Dear Wilhelmus de Wilde,
It's hard to read all essays, and I come to you because of a comment you made to Zenil:
You said "in my opinion there is a difference between Intelligence and Consciousness, with our total intelligence we can construct the LHC, but it is our consciousness that asks always WHY, like a child that won't stop asking WHY, the HOW is the intelligence and the Why our consciousness, the intelligence can be constructed by our (Turing)machines, but the consciousness until now we could not reproduce so this is perhaps not a digital "substance", so not reproducible in the digital way (?), like a piece of art, you can copy it but the copy will never be the original."
I have been frustrated by many fqxi conversations over the failure to distinguish between consciousness and intelligence. We seem to clearly agree. Thank you.
I define consciousness as awareness plus volition (free will)
I define intelligence as consciousness plus logic
where by logic I mean the physical logical 'hardware' such as the Turing machine you reference, or the neural connectivity of our brains.
I would invite you to read my essay which is based on the unity of an analog universe that attempts to establish the best correspondence between the model and the whole.

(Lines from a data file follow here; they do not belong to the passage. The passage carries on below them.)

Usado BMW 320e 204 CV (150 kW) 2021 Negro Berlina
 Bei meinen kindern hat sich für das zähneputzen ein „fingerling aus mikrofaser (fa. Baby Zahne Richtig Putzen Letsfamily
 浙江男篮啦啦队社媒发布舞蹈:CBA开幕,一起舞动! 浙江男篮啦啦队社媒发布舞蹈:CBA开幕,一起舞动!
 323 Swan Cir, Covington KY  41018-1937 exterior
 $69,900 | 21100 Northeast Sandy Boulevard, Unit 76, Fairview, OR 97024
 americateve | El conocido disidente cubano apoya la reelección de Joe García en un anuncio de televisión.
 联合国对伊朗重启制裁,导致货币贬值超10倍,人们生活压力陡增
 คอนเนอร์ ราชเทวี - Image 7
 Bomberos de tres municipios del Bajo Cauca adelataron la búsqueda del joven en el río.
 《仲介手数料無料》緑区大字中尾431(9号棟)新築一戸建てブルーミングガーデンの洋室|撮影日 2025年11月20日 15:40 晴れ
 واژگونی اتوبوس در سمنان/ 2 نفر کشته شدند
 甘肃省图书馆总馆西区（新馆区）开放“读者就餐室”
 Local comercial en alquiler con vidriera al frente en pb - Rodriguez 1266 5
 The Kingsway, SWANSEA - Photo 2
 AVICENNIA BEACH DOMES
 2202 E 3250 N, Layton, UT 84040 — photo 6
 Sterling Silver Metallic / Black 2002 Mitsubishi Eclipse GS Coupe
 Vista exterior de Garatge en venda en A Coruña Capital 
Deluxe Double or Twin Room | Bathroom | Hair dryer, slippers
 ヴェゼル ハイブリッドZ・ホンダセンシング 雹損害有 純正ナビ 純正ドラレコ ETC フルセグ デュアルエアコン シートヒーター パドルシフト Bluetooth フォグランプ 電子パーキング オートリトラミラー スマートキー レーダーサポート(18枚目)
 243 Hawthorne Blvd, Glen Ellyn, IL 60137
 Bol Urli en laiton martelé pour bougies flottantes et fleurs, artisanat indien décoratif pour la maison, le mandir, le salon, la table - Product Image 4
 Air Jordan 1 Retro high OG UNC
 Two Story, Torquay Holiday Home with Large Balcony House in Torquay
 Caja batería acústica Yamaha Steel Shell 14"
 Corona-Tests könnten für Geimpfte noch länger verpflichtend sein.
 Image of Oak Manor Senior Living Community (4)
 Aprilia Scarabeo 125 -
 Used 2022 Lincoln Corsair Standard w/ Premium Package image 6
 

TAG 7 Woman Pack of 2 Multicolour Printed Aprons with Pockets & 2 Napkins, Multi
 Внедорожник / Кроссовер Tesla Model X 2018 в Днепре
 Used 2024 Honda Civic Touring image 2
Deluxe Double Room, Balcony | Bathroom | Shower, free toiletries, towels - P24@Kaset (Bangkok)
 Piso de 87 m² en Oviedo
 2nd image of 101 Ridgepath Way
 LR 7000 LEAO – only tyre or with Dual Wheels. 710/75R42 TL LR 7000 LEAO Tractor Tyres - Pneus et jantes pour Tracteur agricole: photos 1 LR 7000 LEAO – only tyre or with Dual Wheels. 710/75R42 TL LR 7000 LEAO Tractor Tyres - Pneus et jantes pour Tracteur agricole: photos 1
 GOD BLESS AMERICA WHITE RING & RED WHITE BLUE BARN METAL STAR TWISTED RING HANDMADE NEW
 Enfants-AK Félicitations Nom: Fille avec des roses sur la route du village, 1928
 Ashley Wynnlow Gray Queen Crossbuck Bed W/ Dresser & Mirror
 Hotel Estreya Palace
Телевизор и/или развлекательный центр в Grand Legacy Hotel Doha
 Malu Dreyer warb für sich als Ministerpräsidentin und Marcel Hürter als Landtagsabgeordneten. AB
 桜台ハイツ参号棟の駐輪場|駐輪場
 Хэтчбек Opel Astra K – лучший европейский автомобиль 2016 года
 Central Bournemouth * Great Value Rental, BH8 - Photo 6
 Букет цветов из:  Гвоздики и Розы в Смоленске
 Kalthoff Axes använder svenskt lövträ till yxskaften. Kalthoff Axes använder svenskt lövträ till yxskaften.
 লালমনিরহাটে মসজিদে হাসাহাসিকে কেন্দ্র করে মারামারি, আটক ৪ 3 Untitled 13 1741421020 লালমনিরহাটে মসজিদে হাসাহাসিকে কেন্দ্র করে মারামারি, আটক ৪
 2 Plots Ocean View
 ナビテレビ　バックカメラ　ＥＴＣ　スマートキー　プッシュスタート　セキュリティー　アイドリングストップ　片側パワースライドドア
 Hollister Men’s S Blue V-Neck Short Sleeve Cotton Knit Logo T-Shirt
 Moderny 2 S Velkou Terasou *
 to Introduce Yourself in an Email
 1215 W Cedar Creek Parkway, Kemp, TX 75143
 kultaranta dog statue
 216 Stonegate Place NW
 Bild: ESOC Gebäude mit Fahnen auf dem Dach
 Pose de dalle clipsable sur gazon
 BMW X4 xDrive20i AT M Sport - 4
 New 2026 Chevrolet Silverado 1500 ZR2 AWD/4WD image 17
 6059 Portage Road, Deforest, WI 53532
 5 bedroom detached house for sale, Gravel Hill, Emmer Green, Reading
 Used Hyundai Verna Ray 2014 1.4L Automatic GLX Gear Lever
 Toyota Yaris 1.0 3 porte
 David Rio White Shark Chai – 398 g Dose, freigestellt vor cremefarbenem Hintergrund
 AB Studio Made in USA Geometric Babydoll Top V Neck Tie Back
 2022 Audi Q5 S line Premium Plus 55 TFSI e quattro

It is the sister essay to my previous essay on consciousness.
I agree with a number of statements in your essay, such as: "no separate past, no separate now and no separate future. It is the All in One, the Total Simultaneity." Others, such as Georgina Parry, have developed this or an equivalent perspective in other blogs.
If I understand you correctly, you are positing consciousness in the larger universe, and 'intelligence' in the self-evolved neural computing machinery. This is essentially what I wrote my previous fqxi essay on Fundamental Physics of Consciousness, the sister of my current essay.
To deal with physical reality and consciousness in ten pages is impossible, and there is no chance that our two essays would overlap in every detail, but I think we agree on some key points.
My current essay in this contest is ranked much higher than my previous essay on consciousness, so I hope that you enjoy my essay, and ask if you do to vote for me.
Thank you for writing about consciousness. I am convinced (with Penrose and a few others) that any serious theory of physics must include consciousness.